How do I participate in Dedicated Token Offerings and purchase Dedicated Tokens?


Once you are verified as an Accredited/Qualified Investor on the Platform. You are able to purchase and hold PECs. PEC Holders will receive notifications when Dedicated Token Offerings are launched and Dedicated Tokens may be purchased. The exact terms of the Dedicated Token Offerings will be detailed in the notification. After the Dedicated Token Offerings, Dedicated Tokens may be purchased by Accredited/Qualified Investors from their holders either through the Platform, the liquidity reserve or exchanges.

How can I sell Security Tokens?


Depending on the regulatory requirements applicable to certain investors, securities may need to be locked up for a period after the initial issuance. However, once the token is freely tradeable it will be transferrable either through the Platform or through a liquidity reserve. It is also possible that the security token be listed on certain exchanges that enable trading of security tokens allowing for global liquidity 24/7 365 days a year with instant settlement times. Please note that currently there are no such operating exchanges. Both the PEC and the Dedicated Tokens are security tokens, and this applies to them.

What do I own when buying a Dedicated Token?


When buying a Dedicated Token, you own participation rights in the dedicated limited partnership that purchases the private company shares. As a Dedicated Token Holder, you will have the right to receive distributions that arise from the shares upon an Exit/IPO/dividend distribution of the company whose shares are held by the dedicated partnership. After the sale of the shares and distributions of the funds to the Dedicated Token Holders, the Dedicated Tokens are burnt.

What currencies/cryptocurrencies can I use to buy PECs?


USD, EUR, BTC and ETH.

What currencies can I use to buy Dedicated Tokens?


USD. Additional currencies may be accepted in specific Dedicated Token Offerings on a case by case basis. The list of currencies that are accepted will be included in each notice of a Dedicated Token Offering.

When does a Dedicated Token Offering become binding on the investor?
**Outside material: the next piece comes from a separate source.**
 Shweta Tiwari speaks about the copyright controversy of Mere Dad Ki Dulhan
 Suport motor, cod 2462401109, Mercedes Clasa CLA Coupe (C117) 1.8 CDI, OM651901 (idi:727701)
When a PEC Holder notifies the Platform Operator that it elects to participate in a Dedicated Token Offering, it is binding on him or her, however it is subject to the shares actually being purchased by the Dedicated Partnership.

What is a Dedicated Token?


A Dedicated Token is an ERC20 compatible token which represents an equity/asset, more specifically a participation unit in a limited partnership that holds assets such as shares.

What are the requirements to be considered an accredited/qualified investor?


The rules are determined by the applicable regulation, according to the specific investor’s place of residence.

How you intend to issue a security token and comply with the prospectus directive and MIFID II in EU?


We intend to issue a security token, the PEC, that will only be available to accredited or sophisticated investors, as defined in their place of residence. As such, the applicability of the prospectus directive and equivalent regulatory requirements (e.g. the Anti-Fraud requirements in the US), is obviously limited comparing it to a public offering, though, together with our legal advisory, we obviously intend to comply with it and provide all disclosures as part of our offering.